## Supplied material:
※ ※ ※
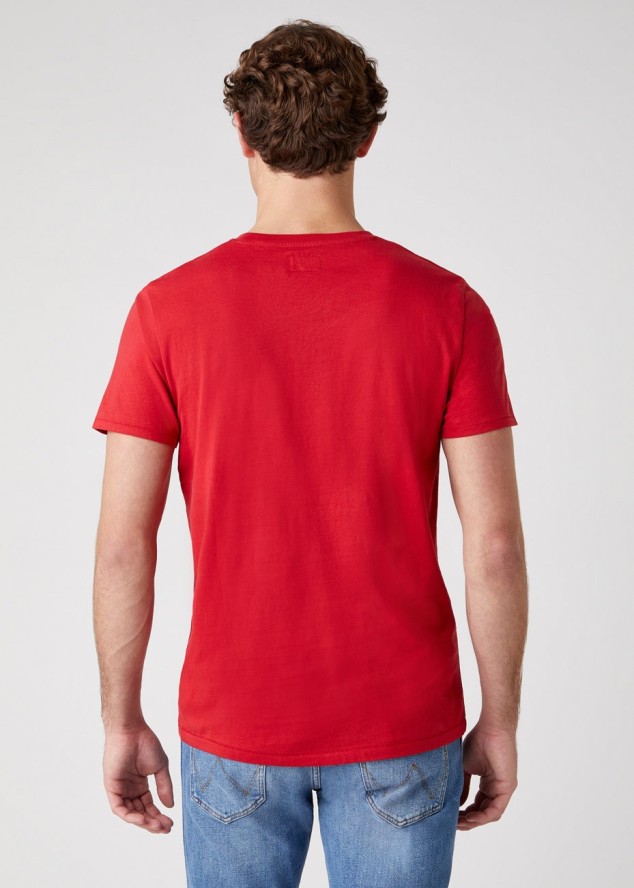 WRANGLER SS SIGN OFF TEE MĘSKI T-SHIRT KOSZULKA NADRUK LOGO SCARLET RED W7C07D3UU 112131608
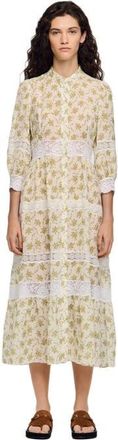 Sandro Floral lace maxi dress in Olive /Ecru at Nordstrom, Size 40 Eu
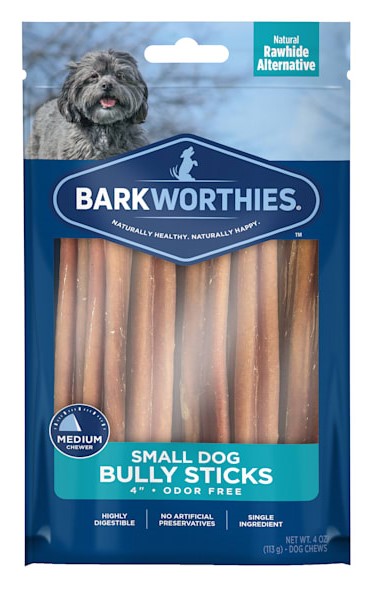 Barkworthies Little Barkers Bully Odor Free Sticks Dog Treats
※ ※ ※
## Prompt:
Set down the data exactly as it appears, without any images.

## Response to the task:
 WRANGLER SS SIGN OFF TEE MĘSKI T-SHIRT KOSZULKA NADRUK LOGO SCARLET RED W7C07D3UU 112131608
 Sandro Floral lace maxi dress in Olive /Ecru at Nordstrom, Size 40 Eu
 Barkworthies Little Barkers Bully Odor Free Sticks Dog Treats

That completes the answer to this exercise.